More American shad have died in their repeated attempts to best this torture chamber than have ever been helped in the Farmington River.  It is the largest single cause of the decline in shad on the Farmington—the state’s largest tributary.  One more cut to the fecundity of the Connecticut River’s federal trust runs.  Blueback herring suffer from the impassible damage done by the Rainbow ladder too.  Its sort of like “New York, New York” in reverse—they don’t make it here, they don’t make it anywhere.  Hardly.

What makes it up the Rainbow Dam Fishway are one–sometimes two or three, hybrid salmon, fish whose lives began in a hatchery.  And, for this reason, there has been this massive run of lies and silence about the Rainbow ladder for decades.  This elite dream of a few, now this salmon hoax, has robbed this entire system of meaningful, native fish runs.  For three manufactured fish per season…  The salmon has been extinct here since 1809; I guess we’re just waiting for the same to occur with the herring and shad.

Why have real, self-sustaining populations of native fish when you can have hatcheries instead?

I look in the roaring slots of the ladder.  No struggling shad visible, though I can only view the top three-fifths of the fishway from this vantage, the rest is gated off below.  I’m wondering if they make it this far up and die, floating back down to the base, or whether most simply don’t even make it to this point.

And, or course, there are no salmon, the species this entire structure was built in deference to in 1975.

In good sunlight though I do see the one species that’s destined to gobble up all the hubris and mistakes of the salmon priesthood and spit them out the other side: sea lamprey.  Clamped to the cement walls, resting and waving like downstream streamers in this tumult are dozens of sea lamprey.  Most are clamped onto the structure just outside the turbulence of the ladder’s slots.  Occasionally you will see one or two jockeying for a new position, one up hard against another.

My regard for these fish only ramps up the more I encounter them.  What adaptation!  What tenacity!  There is no arguing with their pluck and spawning impulse.  They have returned to the sea to get it done, and by god they will.  And die afterwards.  This is a fish that has succeeded across an arc spanning hundreds of millions of years.  Unfortunately, it’s not a species with the boutique cachet of a salmon, nor, unfortunately, is it a federally trust target species—lest the old-boys salmon network would have stumbled across some success.

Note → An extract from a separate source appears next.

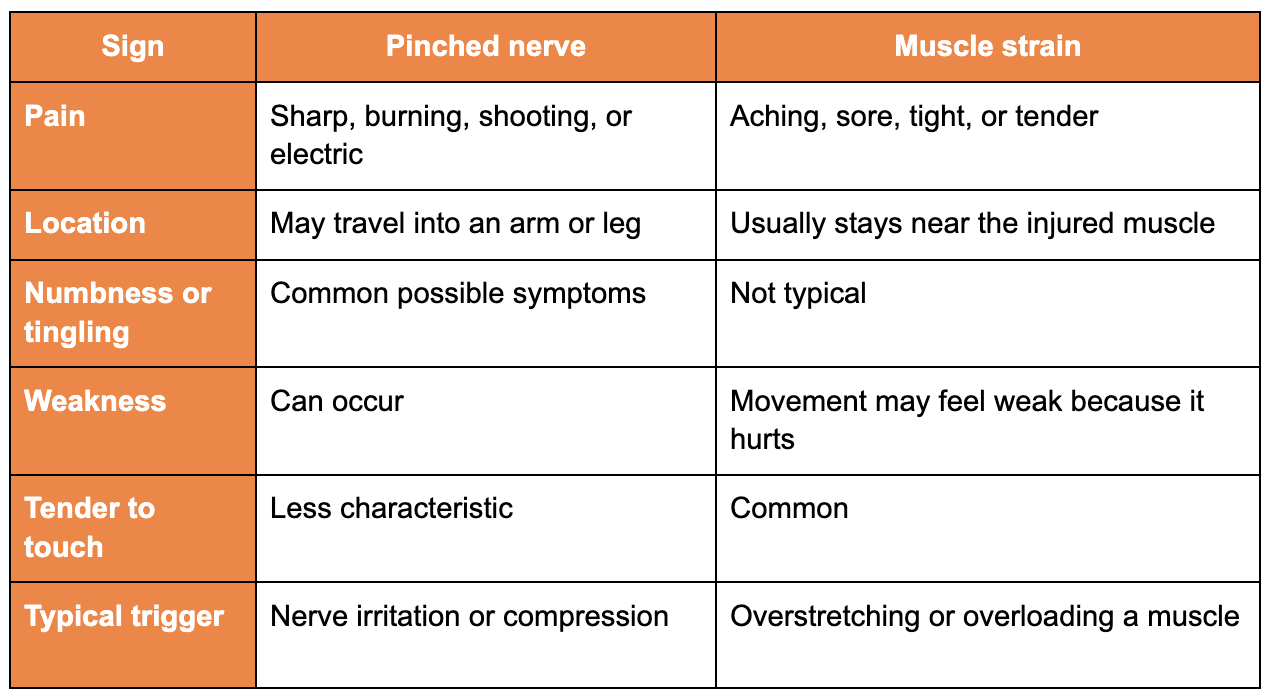 Pinched nerve vs. muscle strain at a glance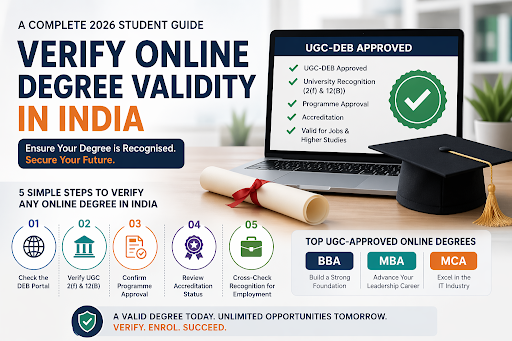 DDU Gorakhpur University ODL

Staring in wonder, I occasionally see a lamprey reach its disc-mouth past the water line to clamp onto the walls, just above the pulsing current.  Looking down on these fish from above, I can’t help but be reminded of a “spy-hopping” hump-backed whale on a Cape Cod whale watch.  Those rows of rudimentary gills pump furiously as they wait for their opening.  Then, several times, I hear a crackling snap–and a spray of water patters my face as one ropey fish makes its lightning bid to best the next slot.

I keep waiting for a tap on the shoulder here, a call over some speaker, telling me I’m unwelcome in the morning sun.  I am, in a way, the enemy at the gate of course—witnessing this folly and tragedy.  That tap never comes.  A state fisheries salmon truck sits parked and idle on the other side of the fence, awaiting its next, precious cargo run.  I see about all I can see from behind the chain links; celebrate the triumph of the lamprey, and feel the heat of the stupidity that’s killing shad and herring.  I take a few pictures, and retreat.  When I’m outside the locked gate I re-read the sign.  It says the gates open at 8:00 a.m.  I look at my watch.  It’s 8:10.  A lone jet roars loudly overhead.

Once again I ferret my way back over Hatchet Hill, finding the carcass of what appears to be a wood turtle on the pavement out by that wide industrial park maze.  How strange.

I get back on Rt. 189, and quickly re-intersect the Farmington Bikeway.  It travels some lovely woods and wetlands in this section of East Granby and Suffield—quite an early morning pleasure.  I know I’ve crossed into Massachusetts when the bikeway almost seems to narrow.  The pavement is newer, there’s a yellow stripe now down the middle, but it continues.  There’s a brand new sign board—but without any info on it.

About 150 yards into the Bay State, a large oak is sprawled across the trail from last night’s storm.  There are two older men and a woman standing around the blocked path.  One man has a saw, but this is a huge tree.  “You can get by,” they tell me, and you can, barely.  I want to ask about the path ahead, whether it’s complete through Westfield, but they are pretty wrapped up in talk.  I bid them goodbye.  Things are going fine for a mile or more as I’m into Southwick past Congamond Road, when suddenly, and without warning, the path turns to a dirt trench near an underpass.  Dead stop.

I head back, and decide its time to reenter the world of the road biker.  I take the right at Congamond and decide I’ll just keep heading west and north, until I intersect with Routes 10 and 202, a familiar path in this region.  I know it well by both bike and car in places.  By back roads I reach Southwick Center by 11:00 a.m.  The sun is bright, and the day is getting warm.  I need to replenish, since I’ve been running on just water and a cup of coffee since leaving Simsbury.  I grab a fat muffin at Dunkin Donuts, and refill my water bottle in their restroom, then stand outside, taking a last look at my maps and wondering if I’ll make it to Holyoke by noon, in time to catch my friend Tony shad fishing.  It’s not looking good.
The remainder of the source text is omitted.